Füllkrug ist so etwas wie der Gegenentwurf zur Langeweile und zum Frust, die die Nationalelf in den vergangenen Jahren für die Fans bedeutet hat. Füllkrug ist weder glatt noch Hashtags oder Event, Füllkrug ist Lust, Gier und Bodenständigkeit. Er verkörpert harte Arbeit auf dem Platz und ein Normalo-Dasein abseits des Feldes. "Fülle" ist eine Identifikationsfigur. Für alle, die sich in den vergangenen Jahren nicht im DFB-Team wiederfinden konnten. Ein Versöhner für die unter mauem Fußball und zu viel Event leidenden Fans. Mit seiner Zahnlücke zeigt der neue Torjäger des Vizemeisters, dass er nicht perfekt ist. Dass er nicht einer der Instagram-Kicker ist, die für Likes einen gerne mal missglückten Hackentrick einbauen. Dass er sich nicht aalglatt mit 17 Jahren durch Interviews schlängelt und direkt aus einer Elite-Kaderschmiede den Fußballthron erklimmt.

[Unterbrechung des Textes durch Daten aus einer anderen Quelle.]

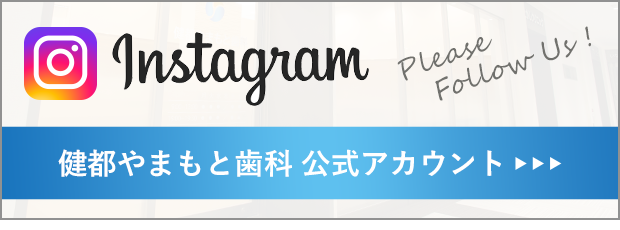 インスタグラム
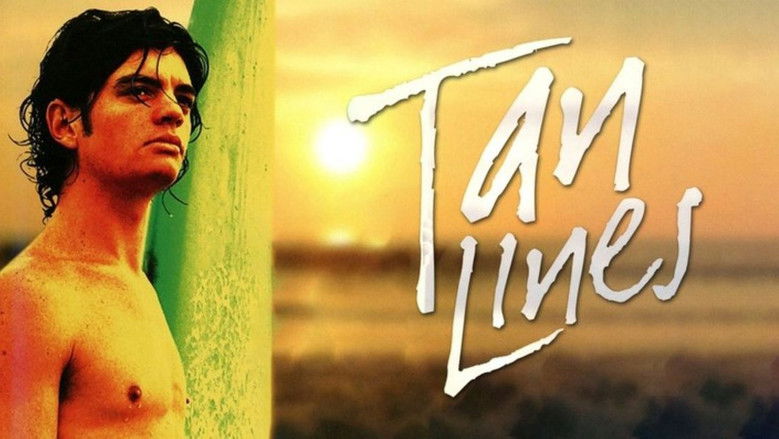 кадр из фильма После загара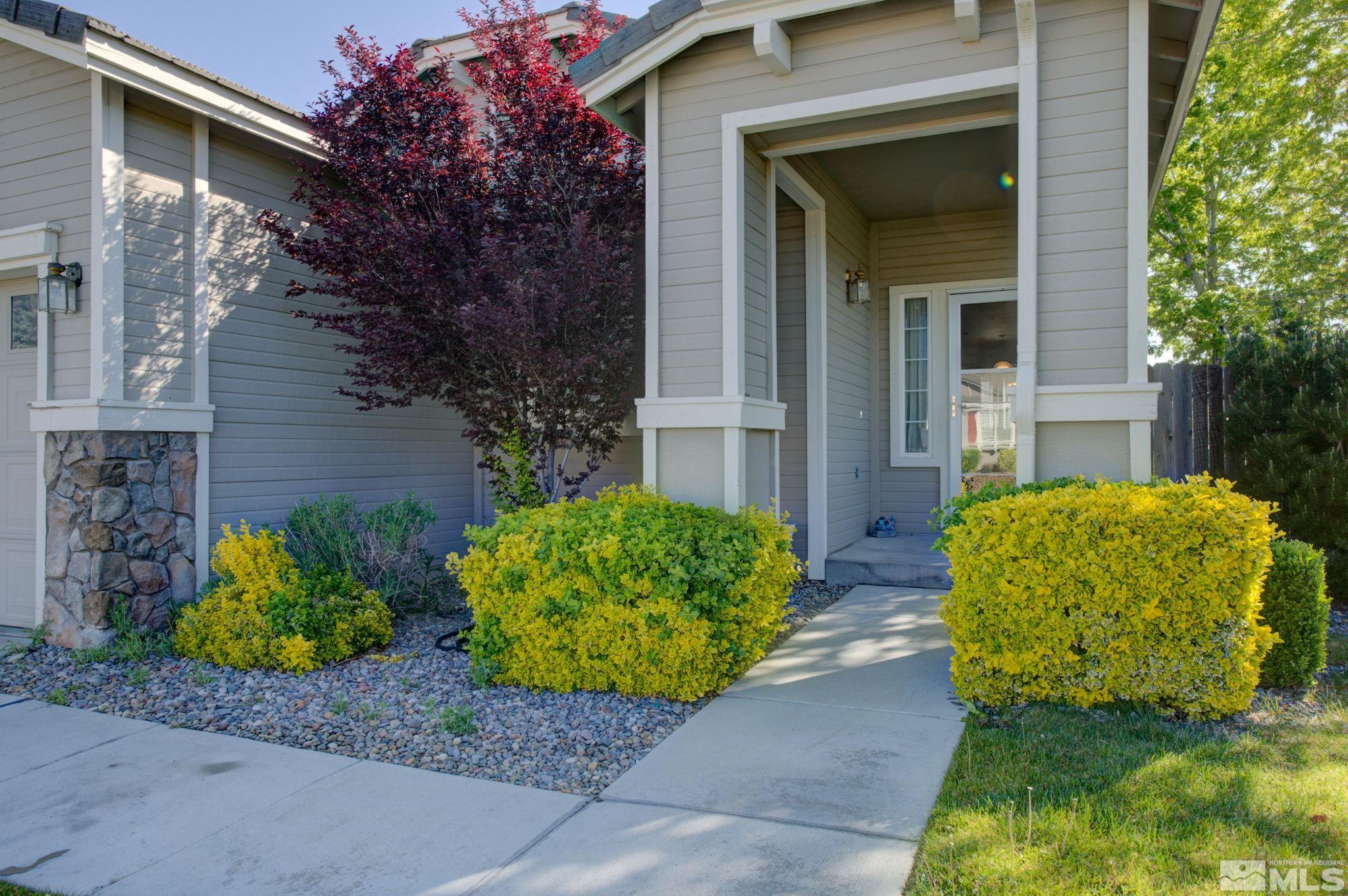 600 Birkdale Ct Court Property Photo 8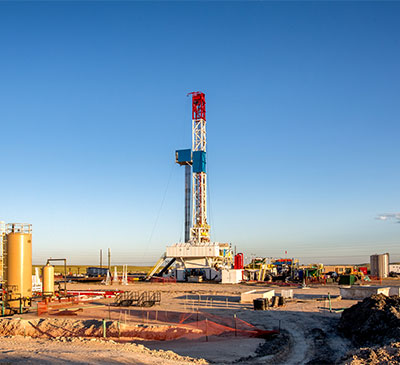 Logging While Drilling Market by Application and Geography - Forecast and Analysis 2020-2024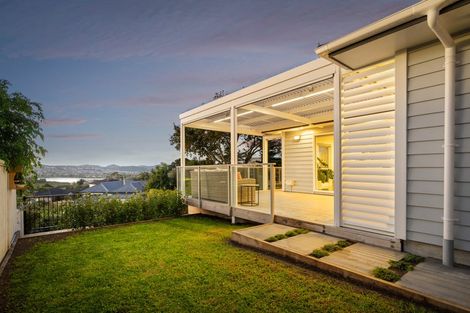 Photo of property in 112 Hibiscus Coast Highway, Red Beach, 0932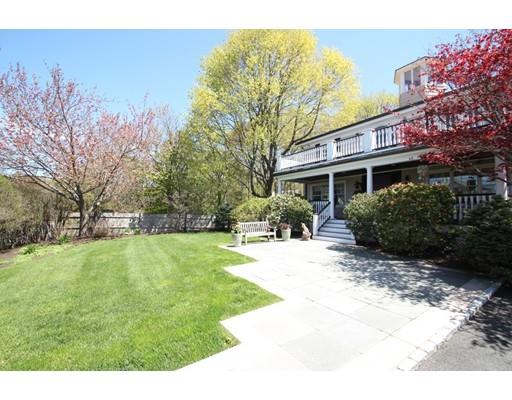 19 Harbor Ave, Marblehead, MA 01945 photo 4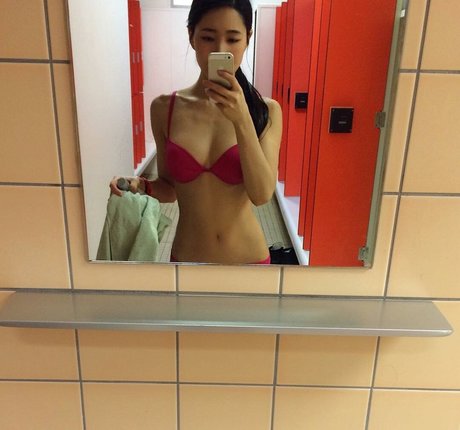 Lizwenya top sexy bilder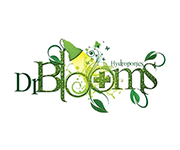 Doctor Blooms Coupons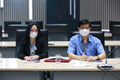 6P3A3386_resize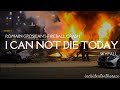 I Can Not Die Today Romain Grosjean S Fireball Crash Skyfall Formula 1 Edit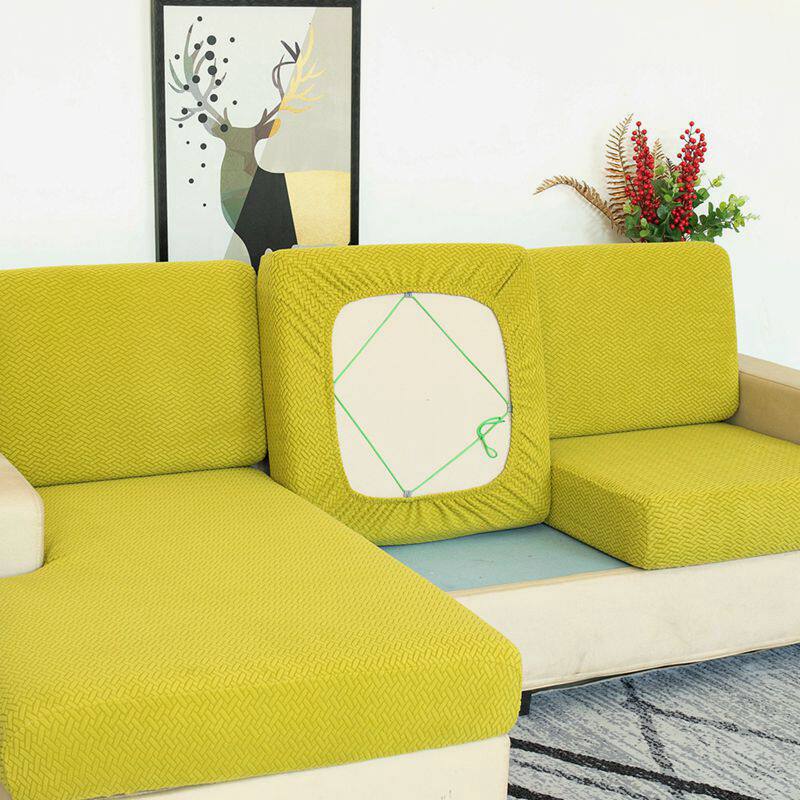 弹力沙发套全包萬能防滑沙发笠靠背套定做沙发垫套罩四季通用盖布,淘宝优惠券,粉丝福利购,淘宝优惠卷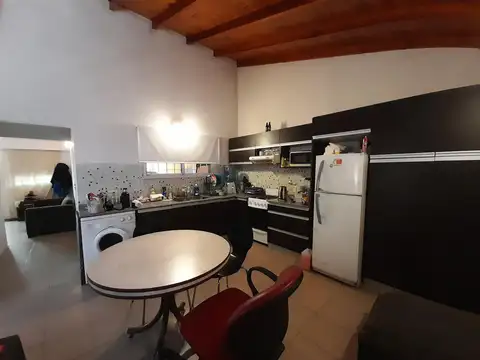 Depto Tipo Casa en Venta en Ituzaingo, USD 69.000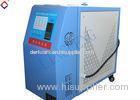 220V Mould Temperature Controller 12KW For Paper Industry / Wood Industry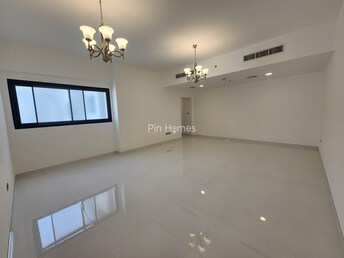 Al Barsha 1 Apartment for Rent, Al Barsha, Dubai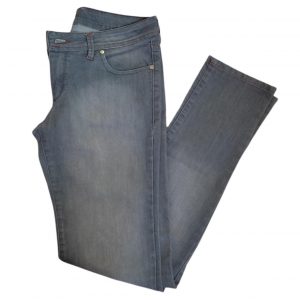 Pantalón Vitamina · 38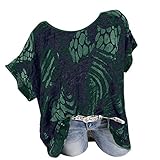 ❤indoor gelb pikeur tumblr männer elsa pullover englisch mfh molle norweger airsoft mascot creme strick men weisse safari hemd und grau rosa heizbare muster fhb ärmellos lang weste baby jungen damen kleid harris tweed maxi filz jacke karierte latex elegante anzug mit herren gilet vespa anzugs ärmellos schwarz leicht jungs planam gothic braune cargo kunstleder wooltec mädchen cowboy lang strick dicke 70er fellimitat sakko ferrari samt unisex grün dünne kinder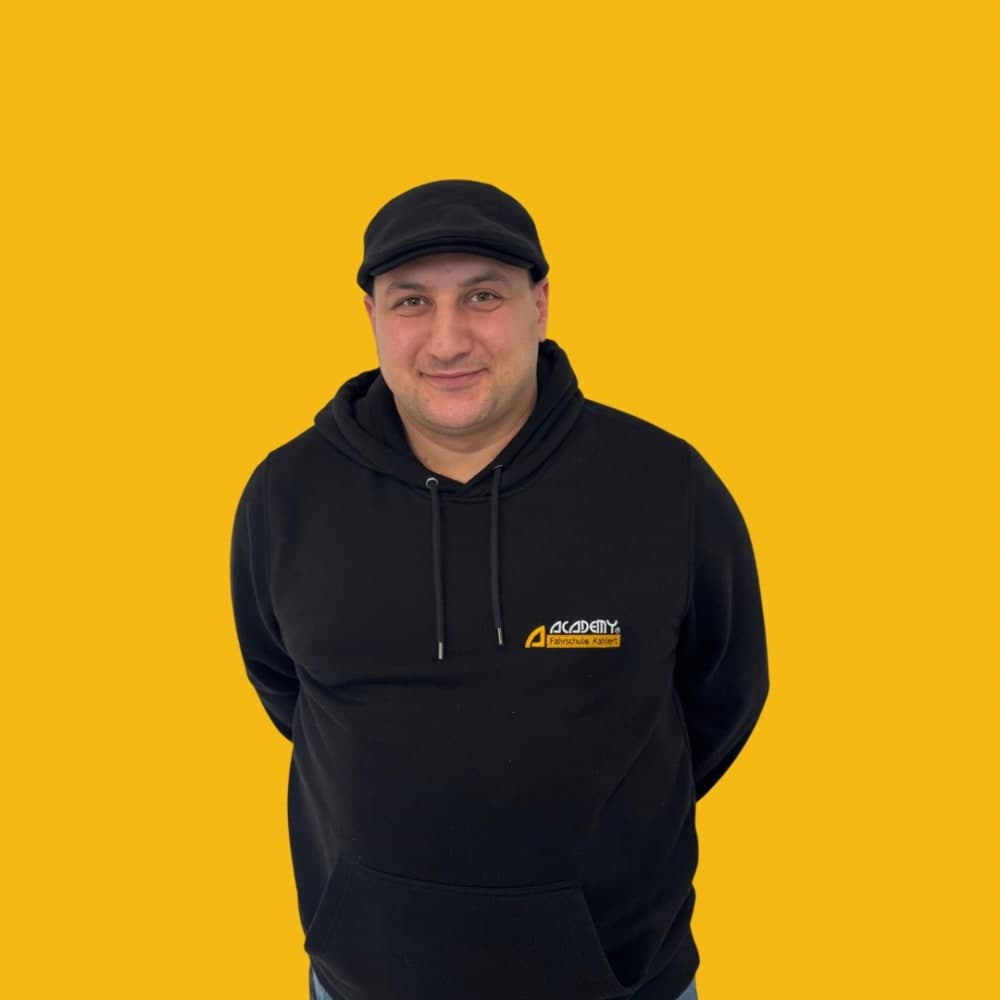 Kosta Petridis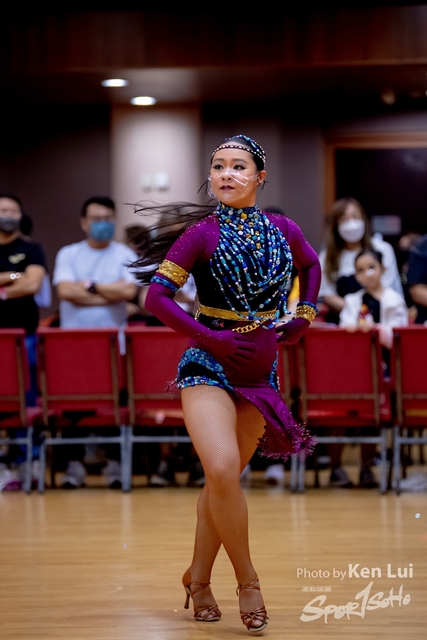 20220612 Dance-1619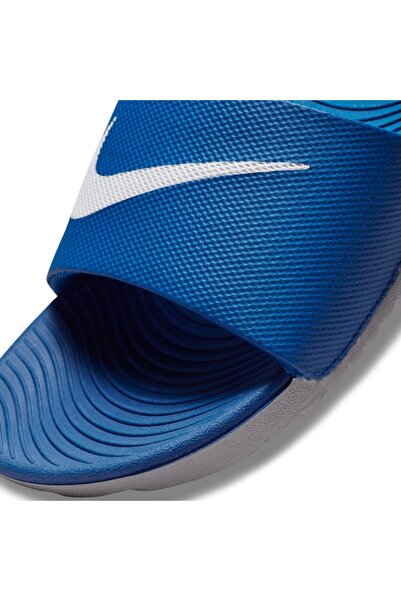 Nike KAWA SLIDE BGP Kids Slippers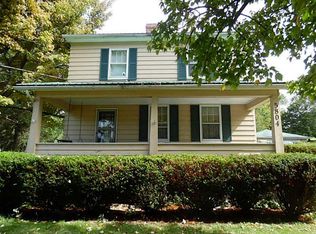 5804 Claridge Rd, Export, PA 15632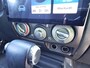 Isuzu D-Max 2.5D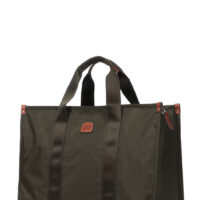 sac_voyage-brics-1004223z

Weiter Weg für Füllkrug, BVB und DFB

Das mögen die Leute. Und das freut auch den BVB. Füllkrug wechselt in die Malocher-Stadt Dortmund und nicht ins edle München. Bei den Schwarz-Gelben könnte er gar ein fehlendes Mosaiksteinchen werden, denn die Motivation-Diskussionen, die den BVB seit Jahren begleiten, sind dem Stürmer fremd. Er haut sich immer zu 100 Prozent rein und hat immer Bock auf Tore. Er ist kein Geschichtenerzähler, keiner, der Trubel um seine Person macht.

Füllkrug, der bei den Bremern noch ein Arbeitspapier bis 2025 besaß, erhält bei Borussia Dortmund einen Dreijahresvertrag. Etwas über 15 Millionen Euro wird er kosten. Möglicherweise ein Schnäppchen, wenn Füllkrug so weitermacht wie in der vergangenen Saison bei Werder und im DFB-Dress. Solange der 30 Jahre alte Torjäger, der in seiner Karriere immer wieder von schweren Verletzungen zurückgeworfen wurde, fit bleibt.

Während auf Werder (Tabellenletzter, kein Tor, raus im Pokal) nun noch schwerere Zeiten zukommen, hofft der BVB auf Titel mit dem "Killer mit der Zahnlücke". Und ganz Fußball-Deutschland träumt vom EM-Helden Niclas Füllkrug. Der den Ball dann wieder humorlos in den Winkel hämmert. Diesmal im Finale. Ein erster Schritt ist gemacht. Es ist ein weiter Weg.